“And we know that for those who love God all things work together for good, for those who are called according to his purpose.” (8:28)
The indicative pervades chapters 1-11. In contrast to the indicative, there is the imperative. An imperative verb states a command. This is one of the main forms of speech that parents use with their children. “Clean your room.” “Stop fighting.” “Do your homework.” “Clear the dinner table.” “Watch the baby” (that’s one of the new ones at our house). Hopefully, as parents give exhortations to their kids, it is in the context of a loving, gracious relationship. That’s what Paul is highlighting for us here. He’s about to give us a whole bunch of commands. But all of them are in view of the mercies of God (Romans 12:1).
There are very few commands in Romans 1-11. But chapters 12-15 are filled with commands. A couple of them appear right here in the first 2 verses. Paul begins with an appeal, an exhortation, to present your bodies as a living sacrifice. He goes on to command, “Do not be conformed to this world.” “Be transformed by the renewal of your mind.”

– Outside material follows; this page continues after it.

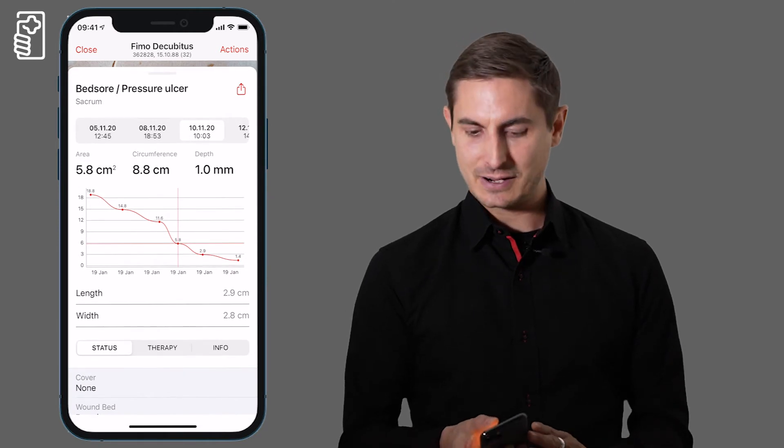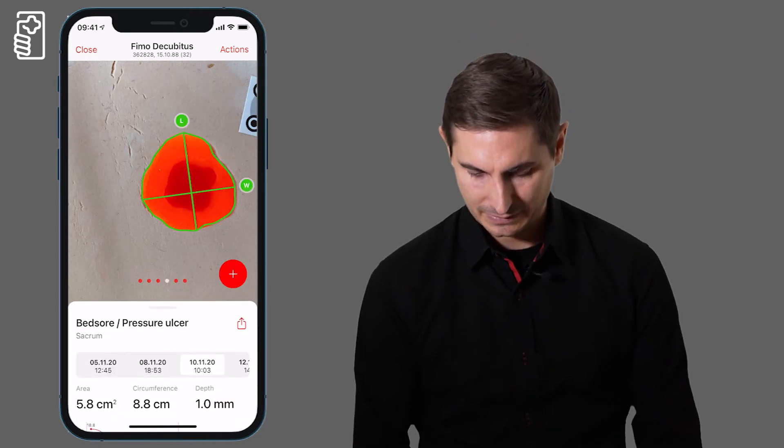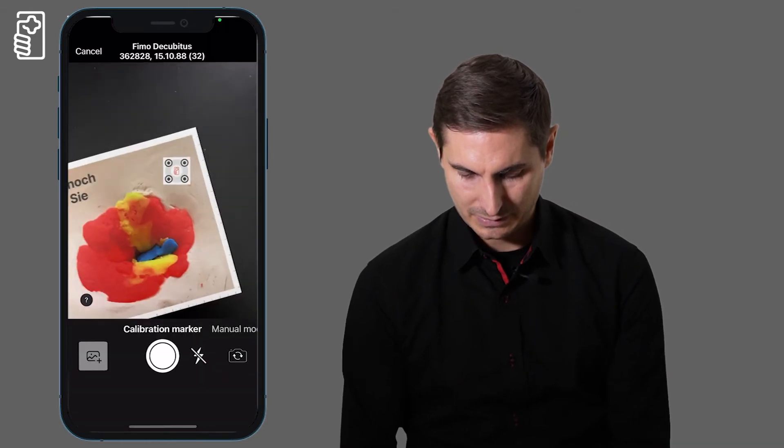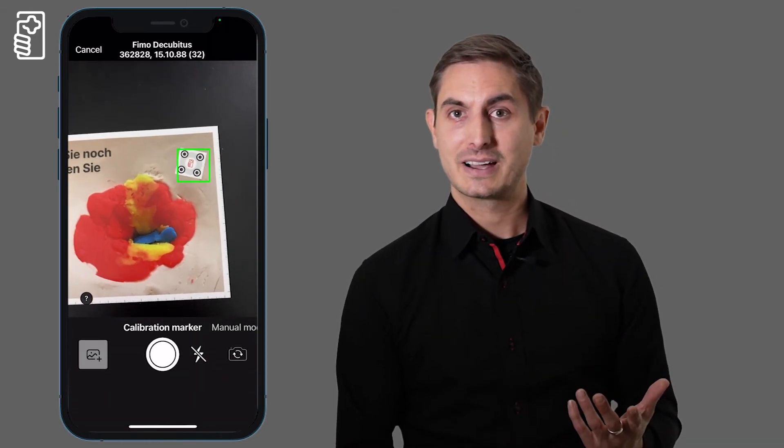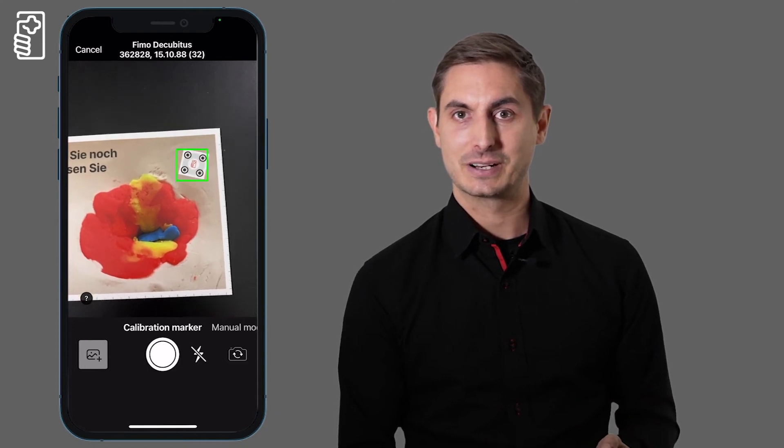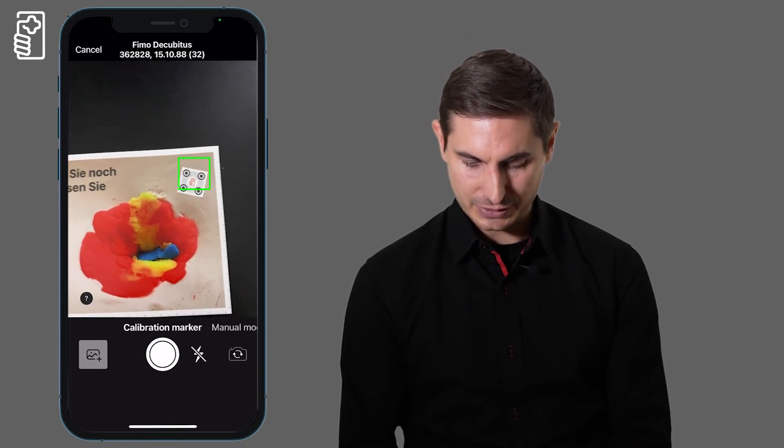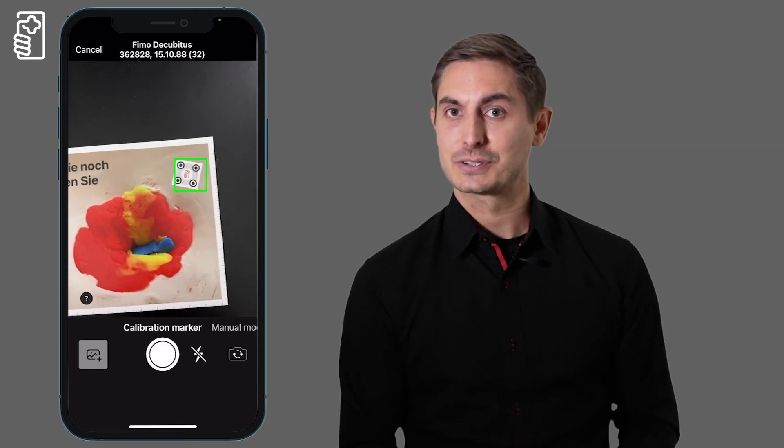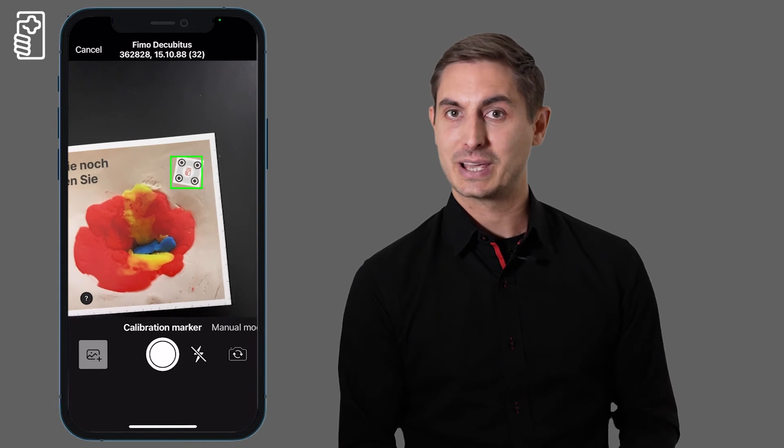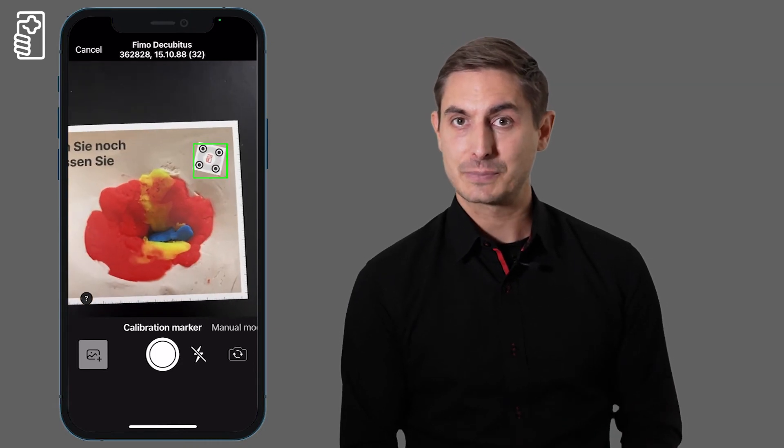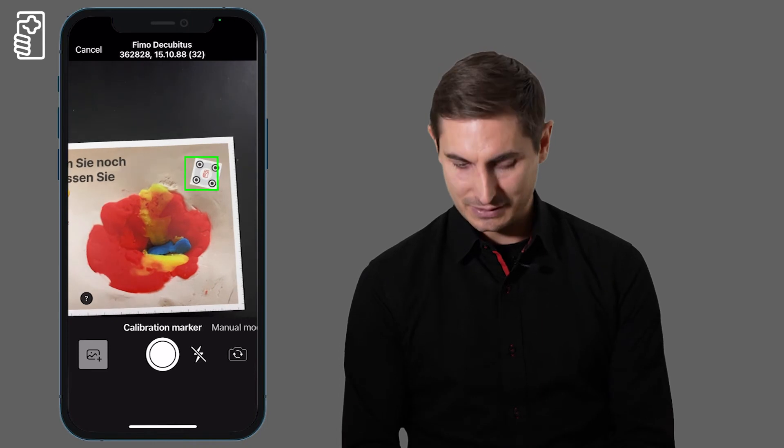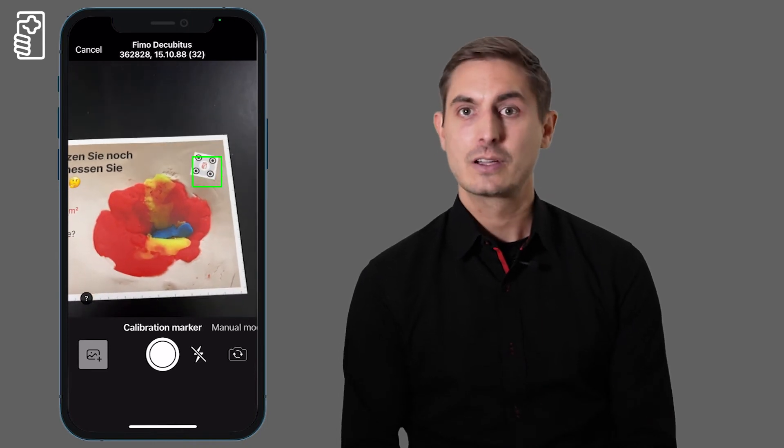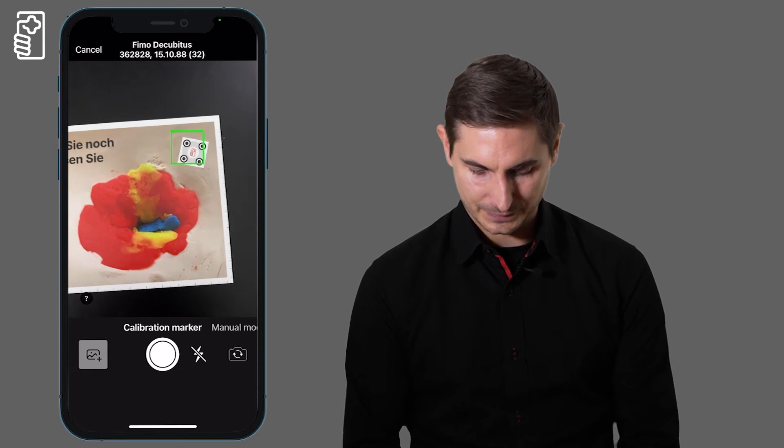Let's now create a new assessment. For the measurement of the wound I have two different methods available. Either using the calibration marker or as an alternative I can also use a physical ruler for a manual calibration. During the capturing process I am guided by the green rectangle which turns red if I am not parallel to the marker.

This is much more than a grammar lesson. It speaks to the fundamental nature of Christianity. This is not works-religion. The message is not, “You do this and this and avoid these things, and then God will put forward His Son to die in your place.” No, the message is, “God put His Son forward to die in the place of sinners. Receive this gift. And THEN here are some guidelines for life that you can joyfully follow.” The indicative comes before the imperative in Christianity. The promises of God come first, then the commands. The truth of what God has done is the foundation. Our obedience is then built upon that foundation.